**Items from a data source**

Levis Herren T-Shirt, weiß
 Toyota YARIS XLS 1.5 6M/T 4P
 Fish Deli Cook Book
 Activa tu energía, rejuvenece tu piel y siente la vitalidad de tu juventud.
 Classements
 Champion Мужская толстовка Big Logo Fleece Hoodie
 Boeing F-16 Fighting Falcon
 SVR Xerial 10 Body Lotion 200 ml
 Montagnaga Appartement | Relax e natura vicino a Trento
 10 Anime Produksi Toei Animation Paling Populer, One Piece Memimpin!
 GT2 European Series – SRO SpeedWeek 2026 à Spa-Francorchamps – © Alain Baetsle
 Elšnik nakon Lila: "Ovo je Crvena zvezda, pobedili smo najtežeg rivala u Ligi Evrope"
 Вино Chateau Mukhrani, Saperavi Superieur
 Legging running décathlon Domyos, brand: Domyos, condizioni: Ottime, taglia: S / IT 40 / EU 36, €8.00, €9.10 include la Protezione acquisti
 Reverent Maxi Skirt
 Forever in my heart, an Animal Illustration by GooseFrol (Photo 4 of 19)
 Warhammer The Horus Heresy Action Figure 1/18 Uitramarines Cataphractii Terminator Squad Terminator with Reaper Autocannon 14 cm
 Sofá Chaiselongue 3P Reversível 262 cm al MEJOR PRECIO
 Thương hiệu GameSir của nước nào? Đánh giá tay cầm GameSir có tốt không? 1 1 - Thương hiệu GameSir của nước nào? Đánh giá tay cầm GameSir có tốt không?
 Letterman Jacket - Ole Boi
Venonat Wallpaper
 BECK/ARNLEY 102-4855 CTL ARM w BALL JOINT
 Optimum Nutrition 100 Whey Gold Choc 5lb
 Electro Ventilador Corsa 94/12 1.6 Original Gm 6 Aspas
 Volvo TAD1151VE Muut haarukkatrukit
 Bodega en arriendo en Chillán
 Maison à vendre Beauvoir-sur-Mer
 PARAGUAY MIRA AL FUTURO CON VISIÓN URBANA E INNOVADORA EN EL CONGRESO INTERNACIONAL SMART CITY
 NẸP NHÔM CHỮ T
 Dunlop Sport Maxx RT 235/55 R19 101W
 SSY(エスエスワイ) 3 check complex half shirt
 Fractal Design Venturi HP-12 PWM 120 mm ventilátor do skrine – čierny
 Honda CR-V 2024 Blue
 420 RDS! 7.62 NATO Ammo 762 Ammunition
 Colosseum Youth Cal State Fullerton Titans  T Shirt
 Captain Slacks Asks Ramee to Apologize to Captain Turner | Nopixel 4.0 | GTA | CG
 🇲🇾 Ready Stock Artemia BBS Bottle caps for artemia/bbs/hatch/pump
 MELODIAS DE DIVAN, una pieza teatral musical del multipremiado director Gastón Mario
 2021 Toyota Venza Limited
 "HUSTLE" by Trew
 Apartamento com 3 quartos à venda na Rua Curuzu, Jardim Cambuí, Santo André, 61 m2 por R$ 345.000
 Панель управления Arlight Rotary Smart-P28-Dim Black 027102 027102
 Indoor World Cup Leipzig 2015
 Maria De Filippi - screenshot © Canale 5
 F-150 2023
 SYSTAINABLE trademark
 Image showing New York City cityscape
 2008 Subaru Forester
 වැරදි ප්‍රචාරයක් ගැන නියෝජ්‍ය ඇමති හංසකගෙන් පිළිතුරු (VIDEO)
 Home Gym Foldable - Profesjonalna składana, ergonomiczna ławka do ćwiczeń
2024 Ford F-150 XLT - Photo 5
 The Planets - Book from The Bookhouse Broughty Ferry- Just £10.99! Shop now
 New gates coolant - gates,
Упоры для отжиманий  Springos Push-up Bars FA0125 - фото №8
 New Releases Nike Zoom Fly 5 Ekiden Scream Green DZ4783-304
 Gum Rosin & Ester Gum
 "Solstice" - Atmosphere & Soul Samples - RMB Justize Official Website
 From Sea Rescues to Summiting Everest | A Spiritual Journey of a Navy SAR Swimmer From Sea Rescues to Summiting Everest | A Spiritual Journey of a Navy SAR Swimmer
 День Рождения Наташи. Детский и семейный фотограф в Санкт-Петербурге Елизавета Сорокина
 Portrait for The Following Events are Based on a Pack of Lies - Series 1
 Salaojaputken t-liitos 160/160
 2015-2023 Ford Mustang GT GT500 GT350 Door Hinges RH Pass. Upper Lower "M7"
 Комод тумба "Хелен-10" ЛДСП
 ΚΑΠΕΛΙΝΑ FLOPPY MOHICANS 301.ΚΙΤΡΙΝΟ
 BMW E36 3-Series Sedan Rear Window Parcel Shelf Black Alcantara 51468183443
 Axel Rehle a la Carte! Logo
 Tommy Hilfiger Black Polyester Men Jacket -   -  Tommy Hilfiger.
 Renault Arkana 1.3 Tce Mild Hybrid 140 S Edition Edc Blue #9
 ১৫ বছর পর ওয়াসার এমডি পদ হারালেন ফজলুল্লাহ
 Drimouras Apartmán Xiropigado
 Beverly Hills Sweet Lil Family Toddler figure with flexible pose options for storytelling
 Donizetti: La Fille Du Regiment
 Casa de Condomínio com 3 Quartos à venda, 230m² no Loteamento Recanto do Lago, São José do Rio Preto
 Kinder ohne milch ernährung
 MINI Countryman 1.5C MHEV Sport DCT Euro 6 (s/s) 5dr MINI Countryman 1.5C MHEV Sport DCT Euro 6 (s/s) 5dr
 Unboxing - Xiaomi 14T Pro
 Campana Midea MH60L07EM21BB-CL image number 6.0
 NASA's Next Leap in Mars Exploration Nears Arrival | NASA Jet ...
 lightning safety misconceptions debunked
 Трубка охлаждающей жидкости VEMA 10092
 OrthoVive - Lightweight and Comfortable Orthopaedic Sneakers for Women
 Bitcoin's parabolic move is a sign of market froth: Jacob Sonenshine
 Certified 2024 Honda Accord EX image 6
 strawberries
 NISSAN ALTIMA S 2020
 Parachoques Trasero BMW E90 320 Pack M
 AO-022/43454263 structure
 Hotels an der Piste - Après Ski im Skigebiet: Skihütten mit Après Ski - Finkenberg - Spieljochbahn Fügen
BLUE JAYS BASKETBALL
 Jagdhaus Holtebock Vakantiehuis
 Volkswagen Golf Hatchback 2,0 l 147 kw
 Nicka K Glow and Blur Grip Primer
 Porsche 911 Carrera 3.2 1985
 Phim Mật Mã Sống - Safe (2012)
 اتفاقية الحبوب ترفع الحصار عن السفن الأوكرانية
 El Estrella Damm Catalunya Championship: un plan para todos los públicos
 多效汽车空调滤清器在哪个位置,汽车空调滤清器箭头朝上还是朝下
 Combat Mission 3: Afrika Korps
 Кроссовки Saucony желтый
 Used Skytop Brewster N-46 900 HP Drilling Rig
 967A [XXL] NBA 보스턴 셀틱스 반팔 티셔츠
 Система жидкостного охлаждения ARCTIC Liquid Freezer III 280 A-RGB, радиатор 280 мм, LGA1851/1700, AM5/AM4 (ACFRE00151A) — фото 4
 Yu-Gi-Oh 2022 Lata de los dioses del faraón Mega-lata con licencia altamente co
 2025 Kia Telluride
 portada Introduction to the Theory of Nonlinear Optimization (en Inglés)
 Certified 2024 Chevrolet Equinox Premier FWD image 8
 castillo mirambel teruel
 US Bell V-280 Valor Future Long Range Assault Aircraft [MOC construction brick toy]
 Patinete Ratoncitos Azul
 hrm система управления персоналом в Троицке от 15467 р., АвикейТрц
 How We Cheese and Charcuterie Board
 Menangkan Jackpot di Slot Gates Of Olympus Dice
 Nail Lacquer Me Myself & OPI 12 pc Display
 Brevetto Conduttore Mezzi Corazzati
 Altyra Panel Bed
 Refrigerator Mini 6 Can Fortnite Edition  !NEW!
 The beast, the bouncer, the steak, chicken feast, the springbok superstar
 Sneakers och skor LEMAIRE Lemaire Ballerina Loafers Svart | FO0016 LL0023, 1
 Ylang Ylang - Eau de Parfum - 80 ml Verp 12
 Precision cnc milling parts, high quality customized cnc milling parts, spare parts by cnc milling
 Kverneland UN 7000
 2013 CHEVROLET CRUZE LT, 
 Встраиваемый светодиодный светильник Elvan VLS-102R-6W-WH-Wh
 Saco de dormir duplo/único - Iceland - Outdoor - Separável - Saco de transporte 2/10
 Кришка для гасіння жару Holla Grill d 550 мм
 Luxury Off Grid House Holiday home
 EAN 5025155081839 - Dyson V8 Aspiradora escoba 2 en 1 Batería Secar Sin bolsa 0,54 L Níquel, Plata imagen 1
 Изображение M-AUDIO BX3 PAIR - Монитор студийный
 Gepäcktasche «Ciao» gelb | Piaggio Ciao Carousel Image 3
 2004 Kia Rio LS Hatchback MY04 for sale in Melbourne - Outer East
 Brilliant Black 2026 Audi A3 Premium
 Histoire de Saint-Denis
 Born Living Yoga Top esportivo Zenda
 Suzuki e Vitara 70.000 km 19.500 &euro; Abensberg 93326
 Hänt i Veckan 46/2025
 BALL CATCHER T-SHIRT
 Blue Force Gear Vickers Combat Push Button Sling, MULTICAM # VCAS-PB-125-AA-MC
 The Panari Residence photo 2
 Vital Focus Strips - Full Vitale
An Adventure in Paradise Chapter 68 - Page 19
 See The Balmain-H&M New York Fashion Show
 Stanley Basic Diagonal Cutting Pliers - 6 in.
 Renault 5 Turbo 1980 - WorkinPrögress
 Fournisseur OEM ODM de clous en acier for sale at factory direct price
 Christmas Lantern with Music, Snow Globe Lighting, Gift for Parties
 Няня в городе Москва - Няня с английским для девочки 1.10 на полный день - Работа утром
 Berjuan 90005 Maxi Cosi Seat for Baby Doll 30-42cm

**WHAT YOU HAVE TO DO**
Check each line of the records above for the string "Combat", and report every line that has it.

**YOUR SOLUTION**
 Combat Mission 3: Afrika Korps
 Blue Force Gear Vickers Combat Push Button Sling, MULTICAM # VCAS-PB-125-AA-MC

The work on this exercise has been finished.